WHAT YOU WILL DO — Pictures must not appear in the copy. Restate exactly the lines below from the one with "Lindby Hängeleuchte Valdorin, Creme" through the one with "Airline Commander: フライトゲーム", inclusive.

ENTRIES SUPPLIED —
________________________

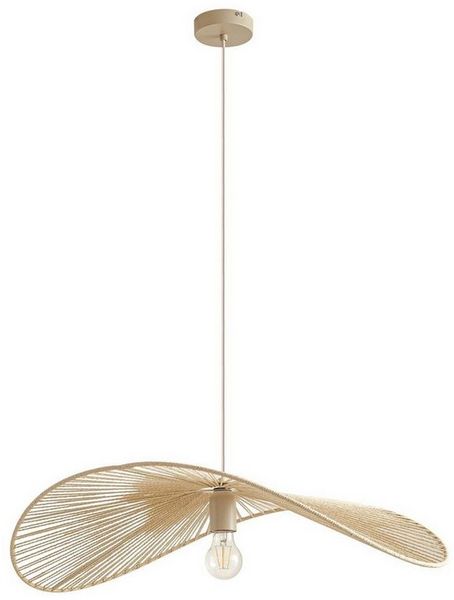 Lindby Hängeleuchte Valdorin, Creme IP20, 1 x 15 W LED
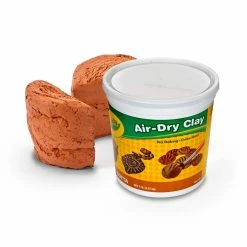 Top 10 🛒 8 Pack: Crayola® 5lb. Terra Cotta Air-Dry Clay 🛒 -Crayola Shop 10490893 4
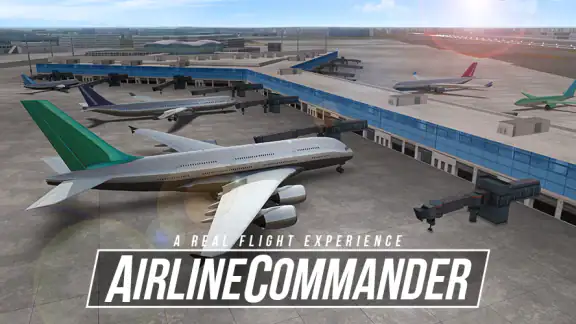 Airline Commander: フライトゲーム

________________________

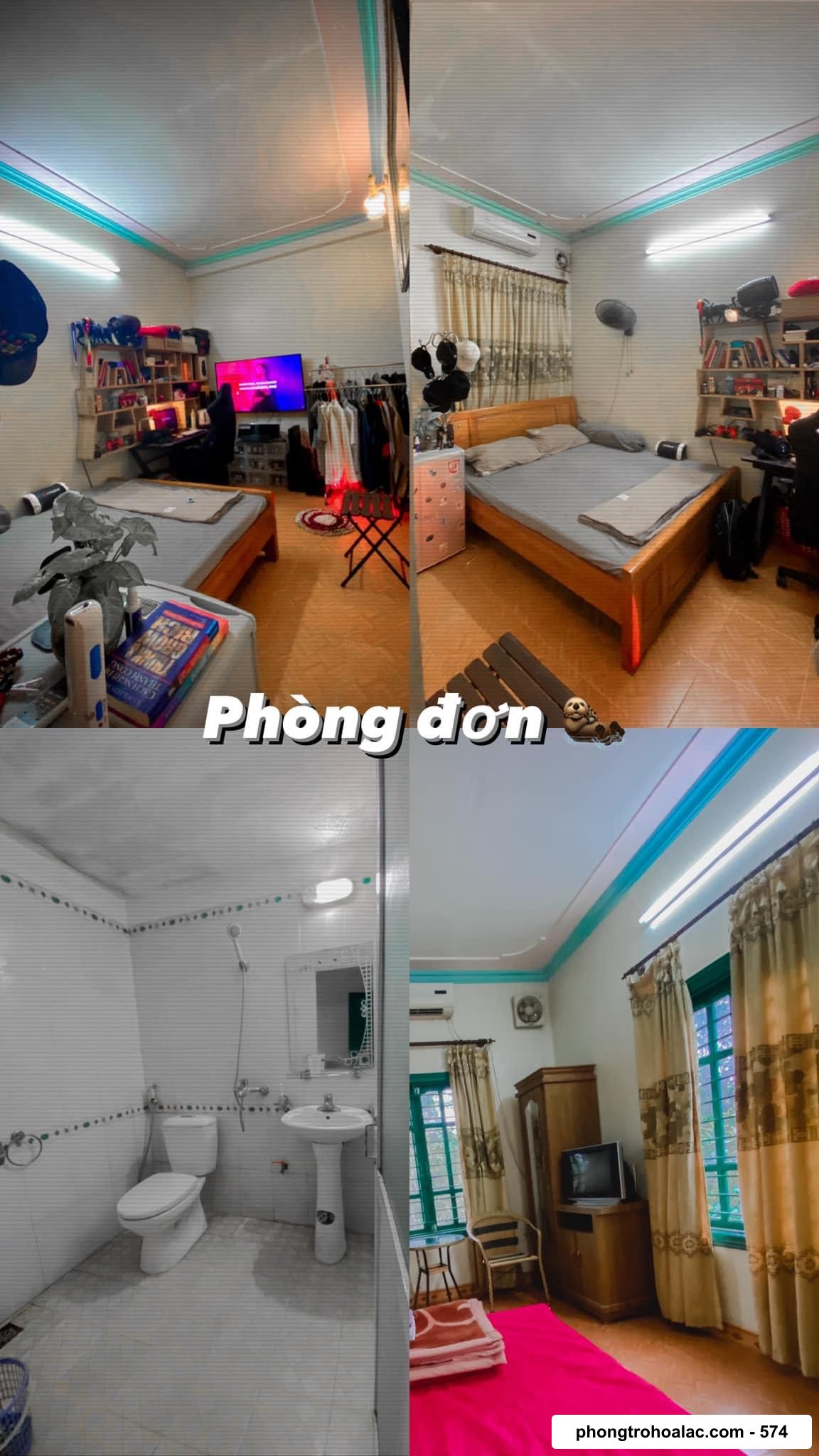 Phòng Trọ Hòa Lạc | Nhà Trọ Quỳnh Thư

________________________

SOLUTION FOR THIS PROBLEM —
 Lindby Hängeleuchte Valdorin, Creme IP20, 1 x 15 W LED
 Top 10 🛒 8 Pack: Crayola® 5lb. Terra Cotta Air-Dry Clay 🛒 -Crayola Shop 10490893 4
 Airline Commander: フライトゲーム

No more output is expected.